The Selective Service Act of 1917 allowed the US to raise an army after war was declared. All males between 20 and 30 (later changed to 18-45) were required to register for the draft. Unlike previous draft laws, the new act placed COs under military authority before they obtained religious exemptions, thus making them subject to military justice. In 1917, over 8,000 indictments were filed mostly against Socialists, CO’s, or union members. In total, 450 CO’s were found guilty of disobeying the Act at court-martial hearings. Some were allowed to accept noncombatant service; however, 17 were sentenced to death, 142 to life in prison, and 73 to 20 years in prison. All had their sentences commuted after the war.
The Espionage Act of 1917 outlawed statements "obstructing the war effort" and "aiding the enemy;" forbade "false statements" designed to "obstruct" enlistment into the armed services, conspiracies designed to cause "disloyalty," and banned from the mails materials considered to be treasonable. Those found guilty were subject to heavy fines and imprisonment up to twenty years.

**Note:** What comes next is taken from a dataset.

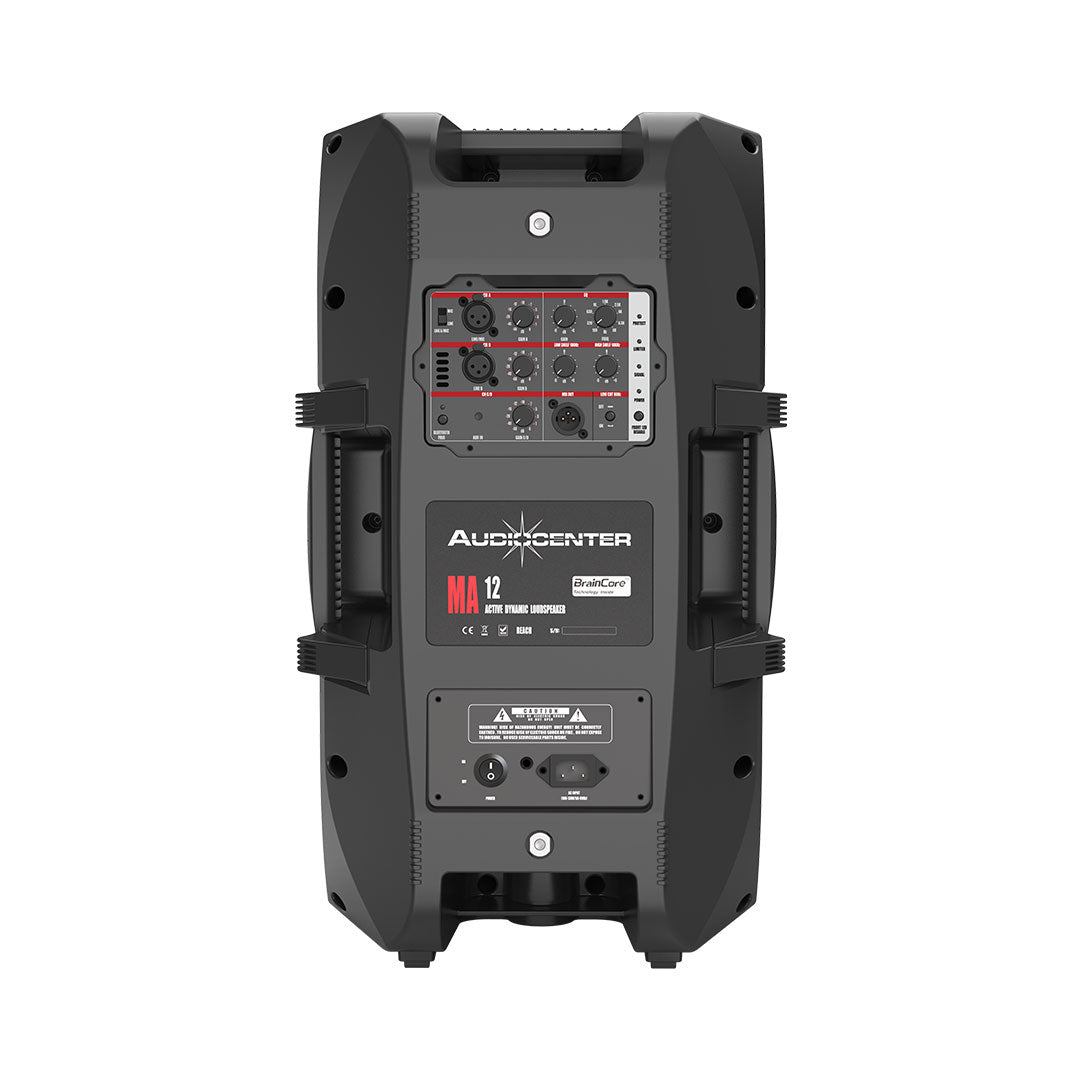 Audiocenter MA12 – 12″ Active Plastic Moulded Speaker with Bluetooth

One well-known example of enforcing this Act occurred after Socialist party leader Eugene Debs delivered a speech in the summer of 1918 that praised socialism and claimed that freedom of speech in America included the freedom to criticize President Wilson for taking the U.S. into war. Federal agents arrested him. In court, Debs told the jury the Espionage Act was "a despotic enactment in flagrant conflict with democratic principles and with the spirit of free institutions." He received a 10-year sentence but was pardoned in 1921.

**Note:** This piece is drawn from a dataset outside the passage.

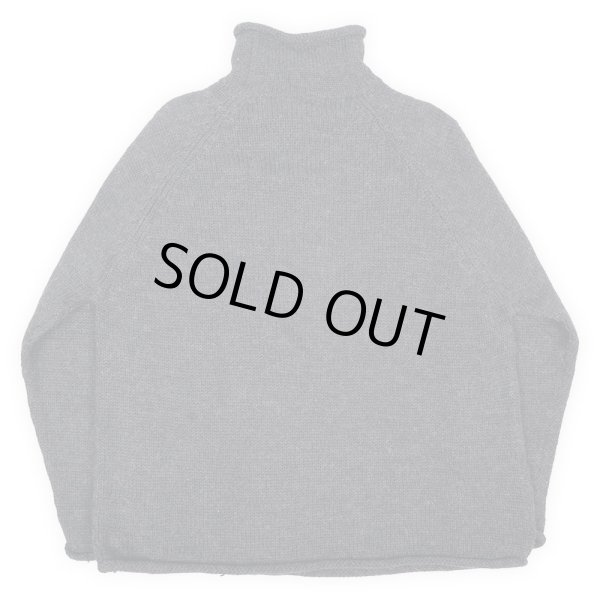 画像2: 90's J.CREW ロールネック ウールニット “CHARCOAL GRAY” (2)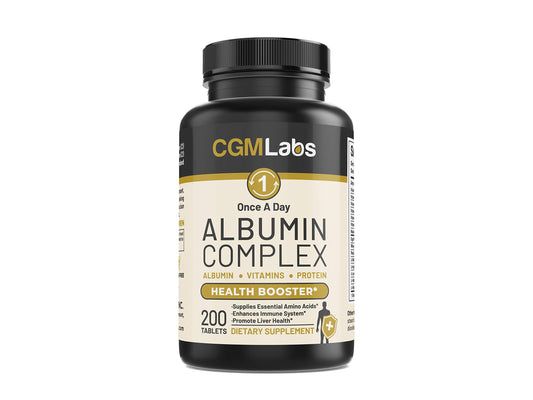 CGMLABS Once A Day Albumin Complex bottle label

The Immigration Act of 1917 excluded the entrance into the US
of people who belonged to revolutionary organizations and allowed deportation
to an alien’s homeland if he or she expressed revolutionary views after
entering the U.S.
The Sedition Act of 1918 prohibited the utterance or publication
of anything "disloyal, profane, scurrilous, or abusive" about the US government,
emphasizing that any disloyal opinion an demeaning references to the government
or flag could be punished by a 21-year prison sentence. More than 2000
people were prosecuted under the both the Espionage and Sedition Acts;
thousands of others were intimidated into silence.

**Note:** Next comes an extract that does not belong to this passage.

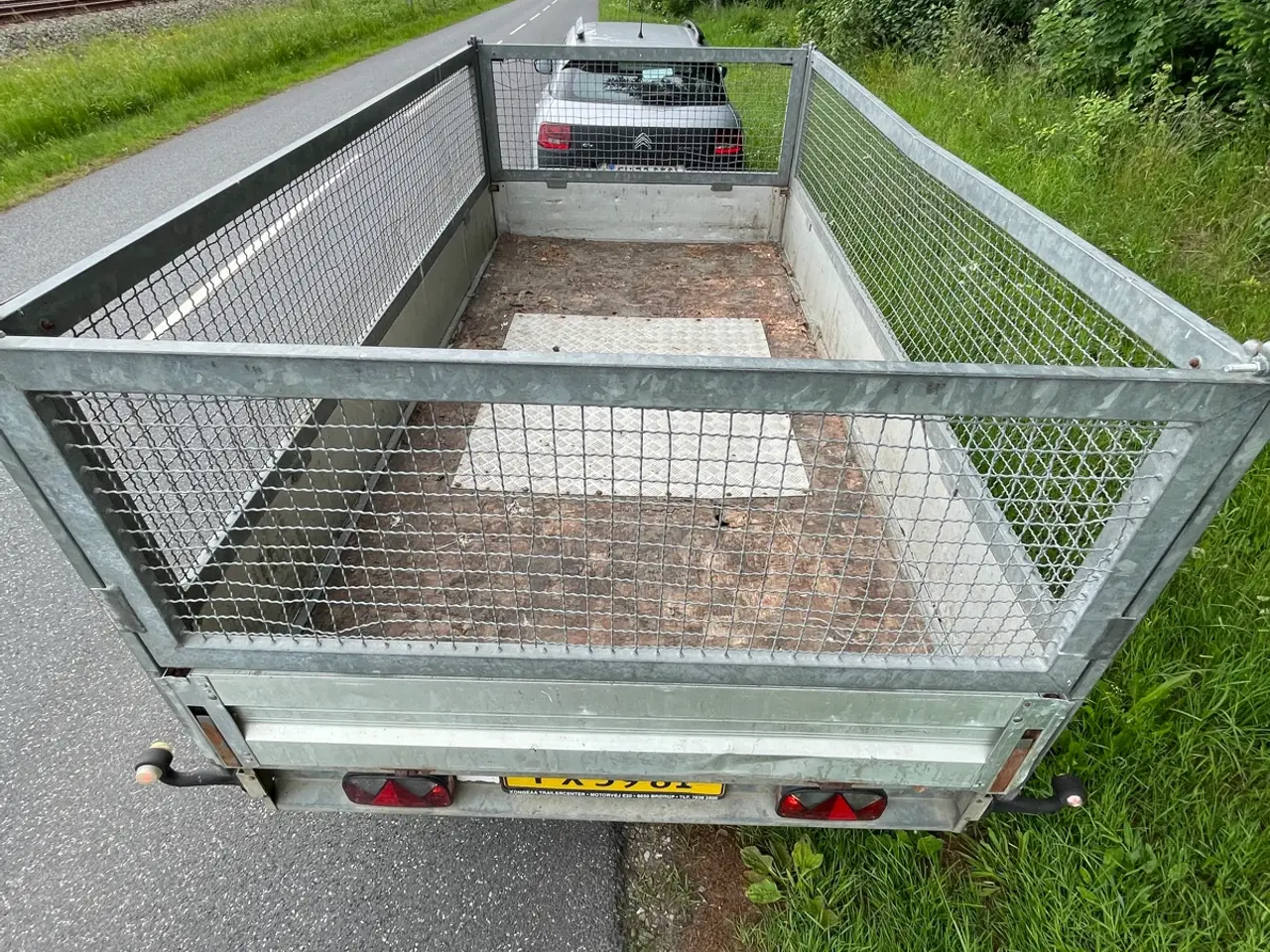 Billede 7 - Brenderup boogie trailer med gittersider 2000 kg )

The Committee on Public Information (CPI) employed many of the nation’s most talented writers to shape the public’s opinion of and support for the war; to create anti-German propaganda and films; to speak at schools and churches; and to encourage citizens to spy on their neighbors and report any suspicious activities to the authorities.
The Department of Justice created the American Protective League which organized 12,000 local units across the nation. Its members, primarily business and professional men, spied on draft dodgers, gathered gossip about those suspected of disloyalty, and checked up on people who failed to buy Liberty Bonds. Theirs was a subtle terror - browbeating the silent into public confessions of loyalty to the U.S., warning those who criticized the government and the war effort, and forcing "suspects" to prove their loyalty.
The Department of Justice created a General Intelligence Division (GID), the predecessor of the FBI, to assemble information on all suspected American "Reds" - socialists, communists, labor agitators, political dissidents.
On November 7, 1919 GID officials descended on Russian meeting places
in eleven cities and seized hundreds of members of the Union of Russian
Workers, 650 in New York City alone.
One month later, 249 aliens were deported from the United States and
sent to Russia, via Finland.
Palmer Raids of January 1920. In 33 cities, over 4,000
aliens and suspected members of the two communist parties were seized at
home, in their offices, at meetings, and in pool rooms by federal officers
without search warrants. All seized were jailed and denied council.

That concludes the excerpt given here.